さらに話は遡って。 2日土曜は夕方遅く渋谷へ。 Uplink Factory での『音樂夜噺』 第35夜 へ行ってきました。 向風 三郎 による 『もう森へなんか行かない —— フランソワーズ・アルディとフレンチ・ポップの40年』 と題したトークショーで、聞き手は 松山 晋也。

向風 三郎 といえば、1990年代前半に『ミュージック・マガジン』誌に連載していた「欧州西風東風」 がとても印象深いです。 今でこそインターネットでそれなりに容易に情報が得られるようになっていますが、 当時はインターネット前夜、フランスの音楽事情や曲の背景などを知るのはかなり大変なことでしたから。 2000年前後に運営していた通販可能なフランス音楽情報サイトYTTで買物したりすることもありました。 最近は、ブログ『カストール爺の生活と意見』 を運営しています。 もちろん、そういった面も、今回のトークイベントへ行こうと思ったきっかけです。

Françoise Hardy は1960年代に登場したフランス (France) の女性歌手。英米でもヒットし、 いわゆる「フレンチ・ポップ」の類型 (特にアンニュイな女性歌手) を作った一人と言ってよいかと思います。 僕が彼女を初めて聴いたのは中学高校時代、 当時の新譜 Quelqu'un Qui S'en Va (1982) を図書館で借りてでした。 当時はフランス語のポップという物珍しさもあって、遡ってアルバムを何枚か借りて聴いていました。 しかし、ちゃんと追いかけようという気になることもないまま、今に至っています。

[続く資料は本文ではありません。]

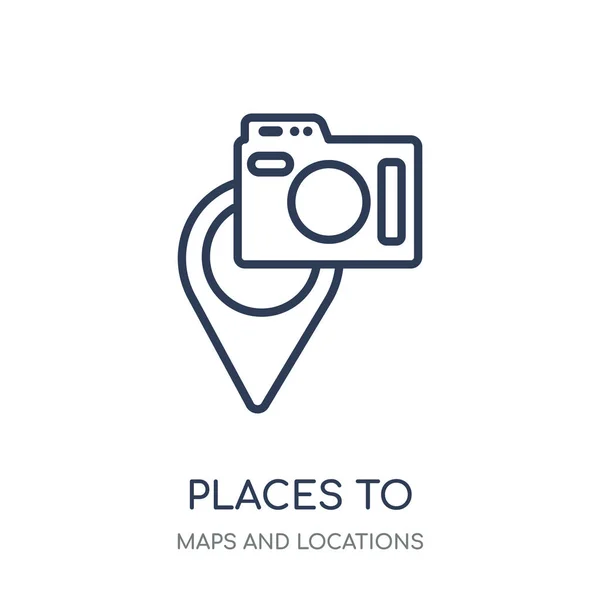 Places Photograph Icon Places Photograph Linear Symbol Design Maps Locations — Stock Vector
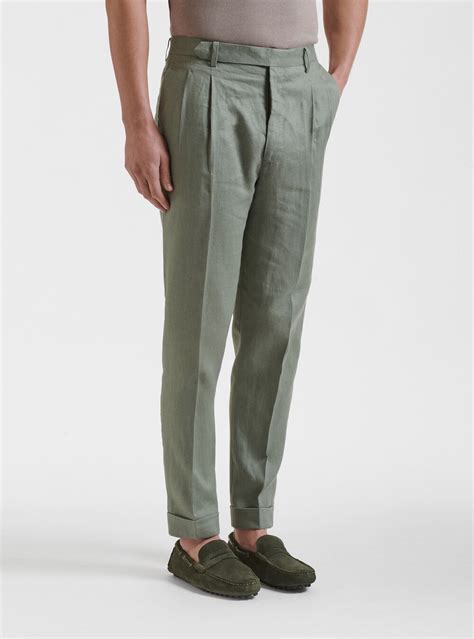 Pantaloni In Lino Con Doppia Pince Gutteridge Uomo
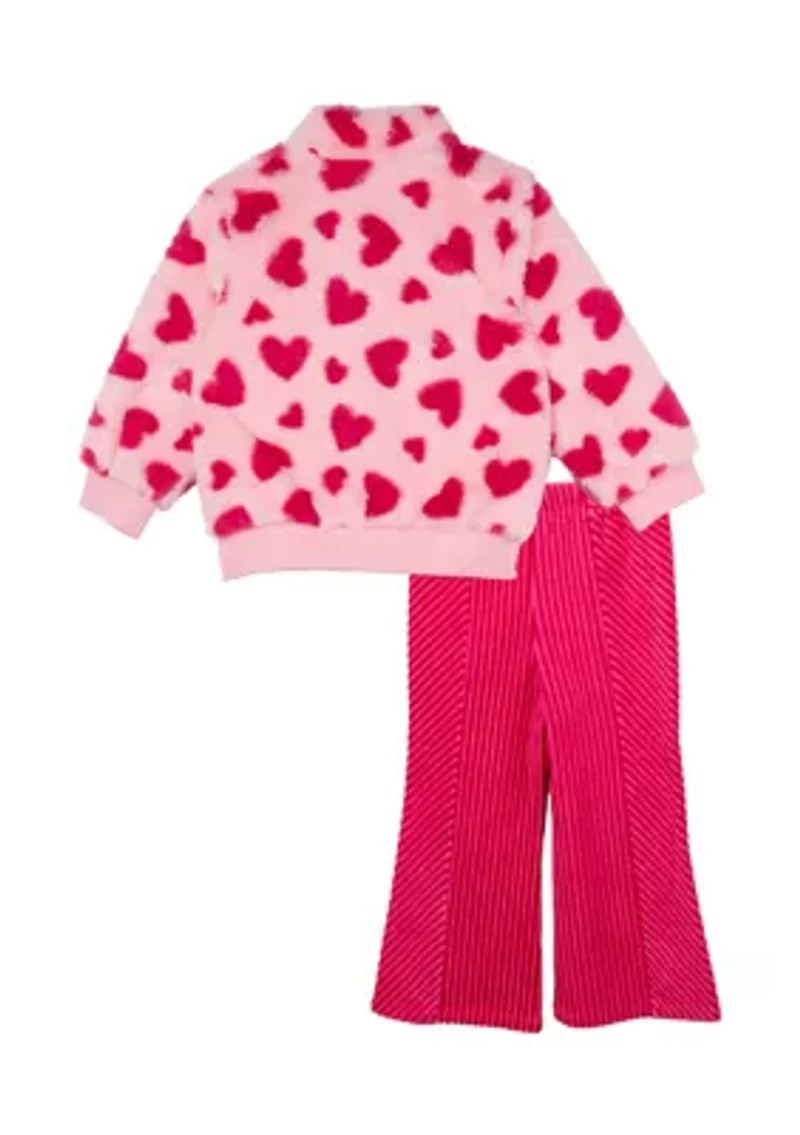 Toddler Girls Fur Bomber Jacket Set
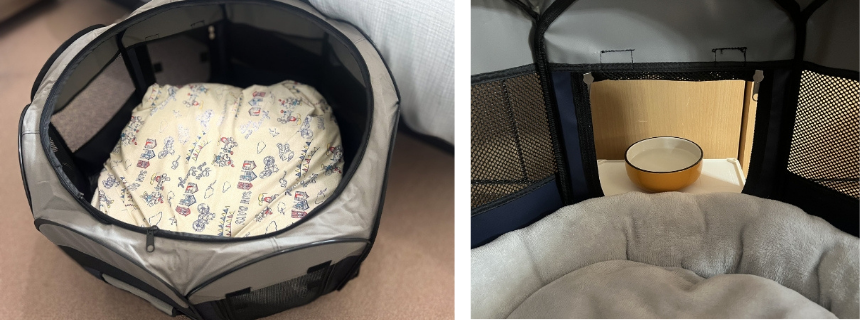 ベッドがジャストサイズ！ 素材が柔らかくクッション性もあるので、倒れても安心です。／立ち上がって水を飲めるようになってからは、一箇所だけ開けて給水スポットに。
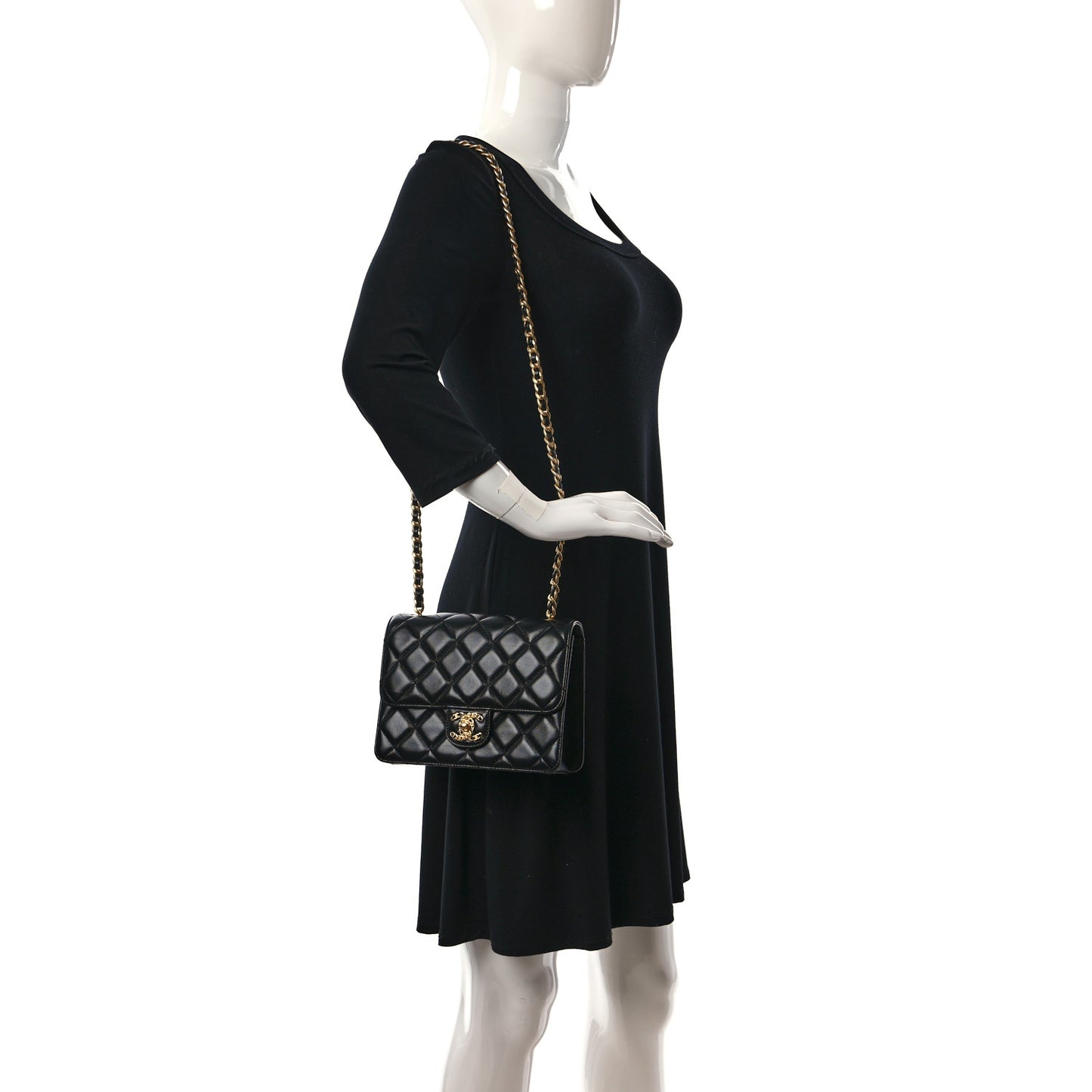 Shiny Lambskin Quilted Mini Flap Black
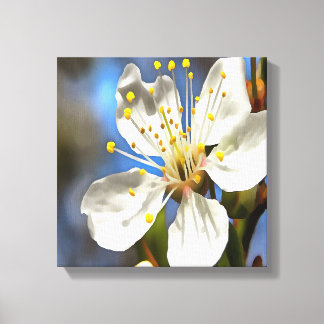 Plum Blossom Botanical Art Canvas Print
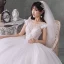 Best Ivory Bridal Wedding Dresses 2020 Ball Gown See-through Scoop Neck Short Sleeve Appliques Flower Backless Beading Glitter Tulle Chapel Train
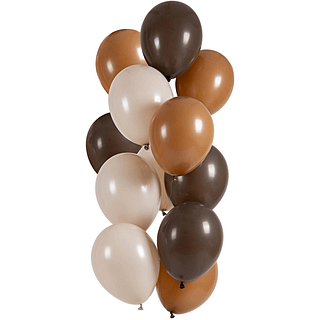 Ballonnen set in het chocoladebruin, mochabruin en creme kleur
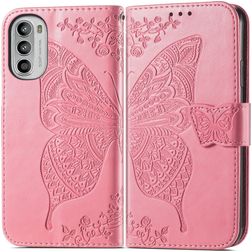 Mobigear Butterfly Motorola Moto G82 Étui Portefeuille - Rose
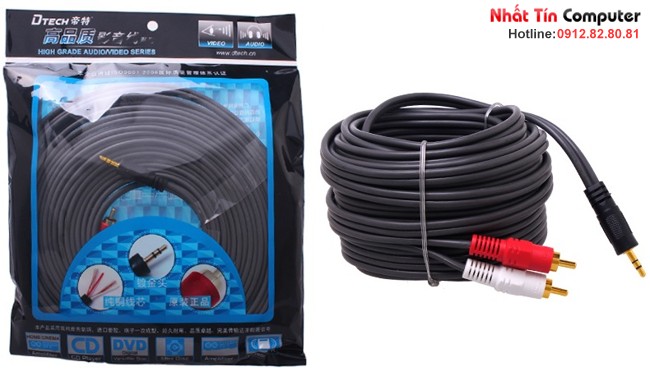 Cáp audio 3.5mm sang 2 đầu hoa sen 10m Dtech DT-6214 Chính hãng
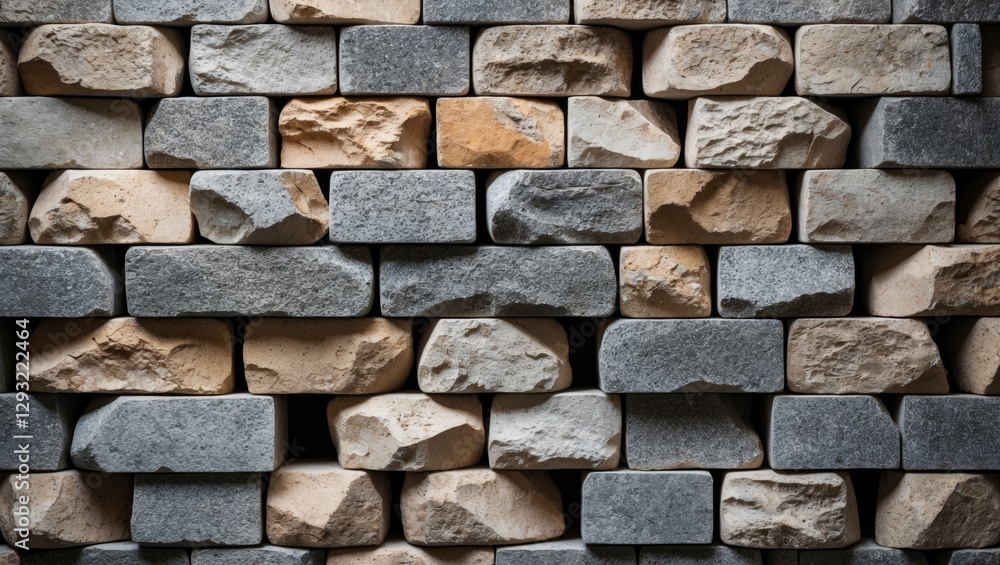 Aufkleber textured stone wall composed of natural blocks in various shades of gray and beige for use as a back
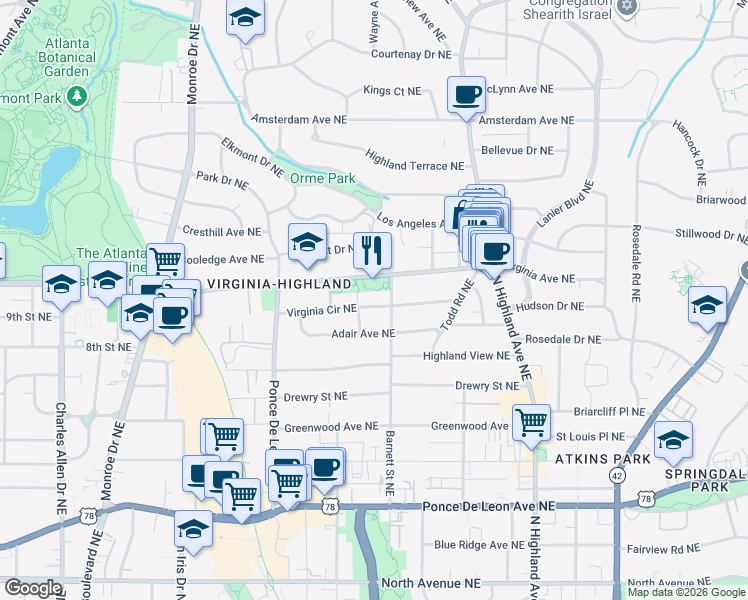 map of restaurants, bars, coffee shops, grocery stores, and more near 854 Virginia Circle Northeast in Atlanta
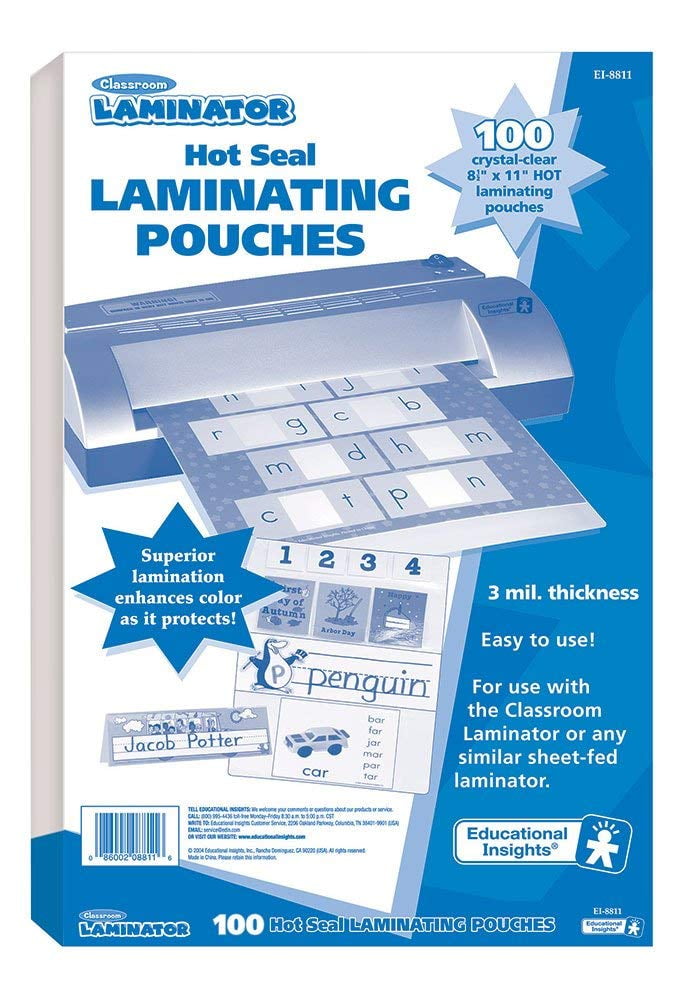 Educational Insights Classroom Laminator 8.5" X 11" Hot Laminating Pouches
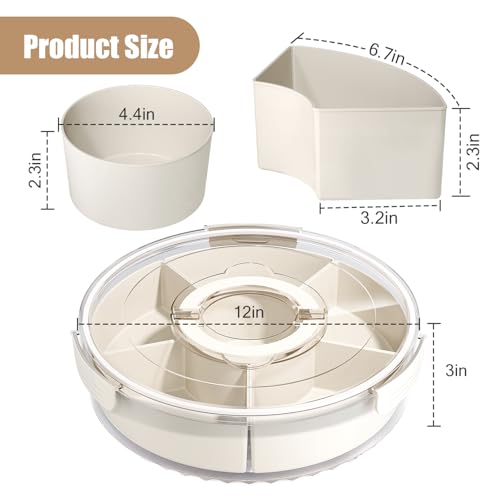 Divided Serving Tray with Lid and Handle,Large Snack Spinner,Snackle Box Container, Multi-Purpose Food Platter for Charcuterie Veggie Fruit, Taco Tuesday Movie Night Travel Beach Picnic Essentials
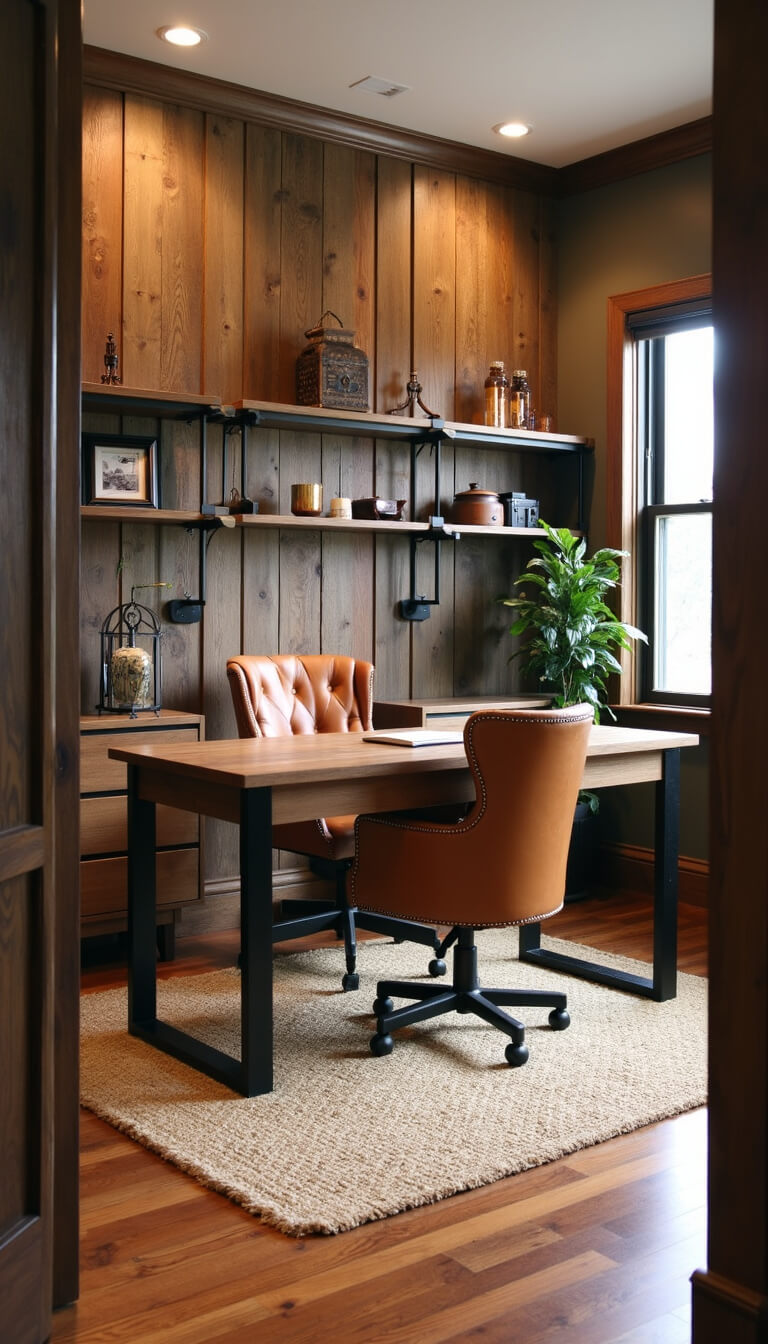 Rustic 12x14ft home office with reclaimed wood accent wall, large wooden desk, leather chair, industrial bookshelf, and jute rug over hardwood floors.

今回 Uplink Factory へ足を運んだのは、Françoise Hardy そのものへの興味というより、 1960年代から1970年代初頭に関する興味から。 彼女は1960年代からイギリス (UK) 録音をしており、 イギリスの rock のミュージシャンに直接のコネクションを持っていました。 さらに、Hardy は基本的にメジャーレーベルで活動していますが、 1967-1972年の間だけ自身の独立系レーベル Asparagus / Hypopotam で活動しています。 この時代というのは、イギリスでは Island、Deram、Vertigo、Hervest といった “underground” なレーベルの全盛期 [関連発言]。 フランスでも BYG のようなレーベルが出てきた時期です [関連発言]。 実際、1970年前後に Hardy のUK盤をリリースしていたのは Liberty/United Artists UK。 アメリカ (US) 側からのマネジメントが確立される以前、 1967年に23歳でA&Rに就任した Andrew Lauder (1970年代末に Nick Rowe、Elvis Costello や The Pop Group を擁したレーベル Rader を設立) が勝手にやらせてもらえていた頃で、 “underground” のレーベルとして活動していました。 この頃の経緯は、Mark Powell 編纂のアンソロジー All Good Clean Fun: A Journey Through the Underground of Liberty/United Artists Records 1967-1975 (EMI, 2004) のライナーノーツがお薦め。 そして、彼女がメジャーと再契約する1972年というのは、 イギリスの “underground” レーベルの活動が一段落しメジャー化しだした頃。 フランスでも、1971年に BYG/Actuel がリリースを停止しています。 アメリカで Jac Holzman が Elektra を去ったのも1973年です。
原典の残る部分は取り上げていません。